POLÍTICA

STF proíbe modificação de áreas de proteção ambientais via medida provisória

O plenário do Supremo declarou, por unanimidade, ser inconstitucional a redução de áreas de proteção

Publicado em 06/04/2018 às 08:19Atualizado em 16/12/2022 às 05:00
Compartilhar

O plenário do Supremo Tribunal Federal (STF) declarou nesta quinta-feira (5), por unanimidade, ser inconstitucional a redução de áreas de proteção ambiental, como Parques Nacionais, por meio de medida provisória (MP).
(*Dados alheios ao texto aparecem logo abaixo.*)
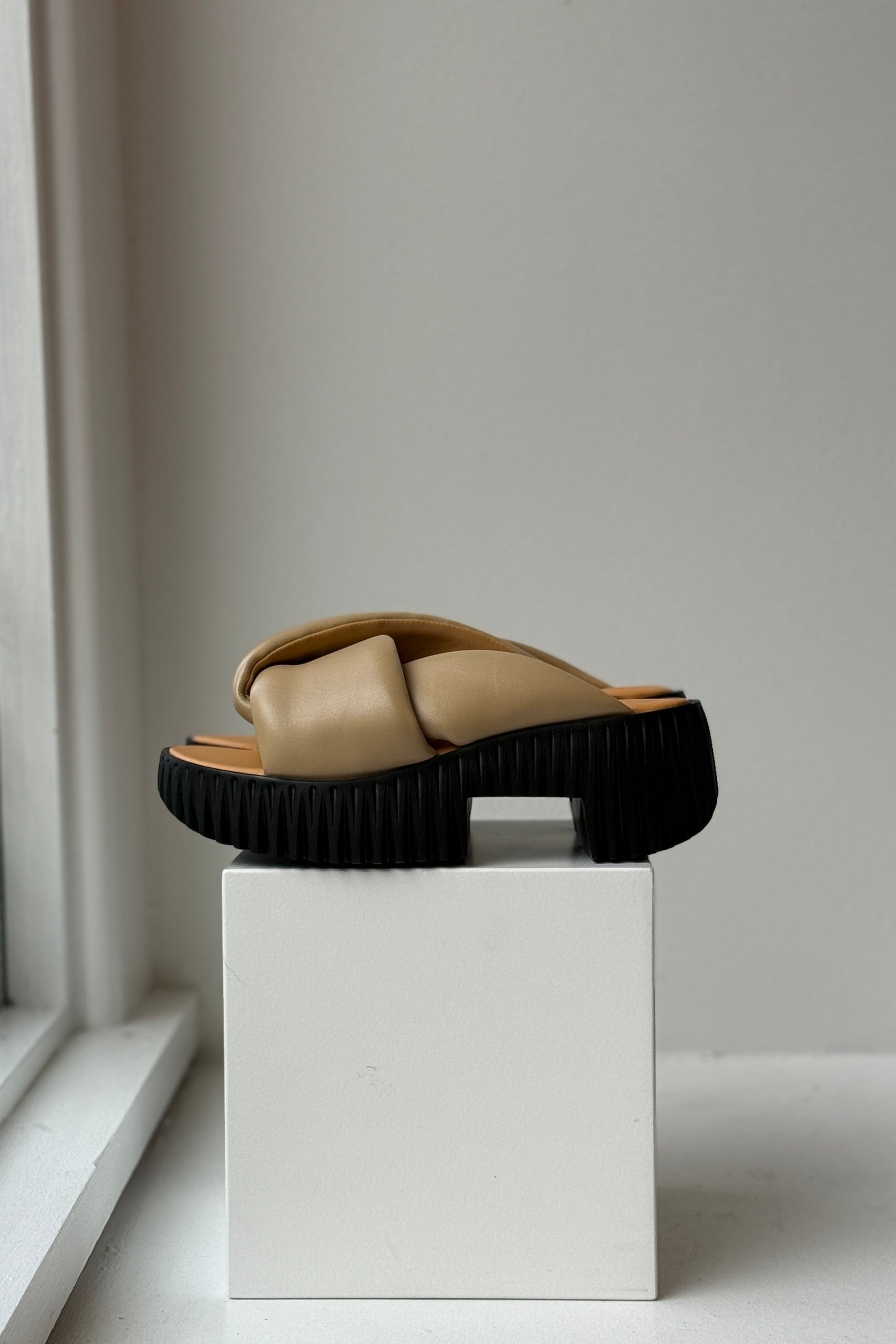 Plia Semo in Skin by 4CCCCEES-4CCCCEES-Idlewild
O julgamento foi motivado, pela alteração em 2012, dos limites dos Parques Nacionais da Amazônia, dos Campos Amazônicos e de Mapinguari, bem como das Florestas Nacionais de Itaituba I, Itaituba II e do Crepori e da Área de Proteção Ambiental do Tapajós.

As alterações feitas pela MP 558/2012, editada pelo governo de Dilma Rousseff, tiveram um dos objetivos permitir a instalação e funcionamento das Usinas Hidrelétricas de Jirau e Santo Antônio, no rio Madeira.

Ao proibir a alteração de reservas por meio de MP, nesta quinta, os ministros do STF reafirmaram o que diz o terceiro inciso do artigo 225 da Constituição, segundo o qual as áreas naturais protegidas podem ser alteradas “somente através de lei”, que precisam passar pelo crivo do Legislativo. No entanto, o STF decidiu que a medida não terá efeito sobre as áreas que já foram alteradas pela MP 558/2012, pois as modificações já se tornaram irreversíveis.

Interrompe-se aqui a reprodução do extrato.